Speaking of work, employees have no expectation of lifetime commitment
to jobs. When new experiences are the
goal, novelty and variety are what matters in sex, romance, friendship, family
and employment. Yes, even family. Look at all the blended families that are
being formed after divorce.
It
has been stated that one reason that young people have turned against ownership
is that modern capitalism has been seducing people to buy a lot of things they
don’t need to keep the economies humming and that a lot of the stuff is junk
anyway. Perhaps this has an element of
truth to it. Many people in their
parents’ generation had acquired so much stuff that they were drowning in their
possessions. That being said, I still
feel that on a deep level, the problem has really been a lack of organic
stimuli from more traditional more natural living environments. Organic experiences give people the flowing
blendable continual stimuli that they need, and when people can have such
experiences, they don’t need what becomes a tension-pocket of things to try and
connect with the external world..
And
yet having experiences divorced from the commitment of ownership can be
problematic. Experiences come and
go. They can make imprints on us, but
when we are simply the consumers, we are not making and preserving any
significant imprints on the surfaces of the fields of experience that surround
us. In recreational activities, when we
buy things to own, we are actually making an imprint, showing our taste both to
ourselves as well as to the people around us.

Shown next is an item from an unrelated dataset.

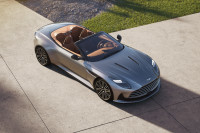 Experiência de condução do Aston Martin DB12 Volante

To the extent that it is a lasting possession, it becomes a preserved
imprint both on ourselves and on others.
When we buy a lot of similar items, we develop what would be called a
collection. Whether it is stylish clothes
or old books, stamps, coins or works of art, these collections reveal a lot
about ourselves both to ourselves and others.
On
another level, our possessions help to ground us in our fields of experience in
the external world. In a strange way,
they mirror and model for us, as we aspire to the mass, matter and substance in
the things that we hold. So that we
don’t end up floating through our numbing modern technological living
environments like ghosts. By imitating
the physicality of things, it allows us to make and preserve imprints in the
external world and then to help us make a surrogate immortality in preparation
for death.
Yes,
there is no doubt that too many things can crowd us, particularly if they are
junk. We call people with too many
things hoarders. They are people with an
addiction to things. Piles of possessions, lots of clutter that leads to the
creation of tension pockets, disjunctive juxtapositions of simply too many
things leading to visual abrasive friction. But a rejection of possessions as
manifested particularly among young people today can also be pathological. A desire for life experiences is
healthy. But experiences without
commitment in the form of possessions, similar to experiences without
relationships can lead in the end to a sense of emptiness. Meaningful possessions and meaningful
relationships are basically committed experiences. Experiences that give us grounding and
stability as we pass through the narrative of our lives.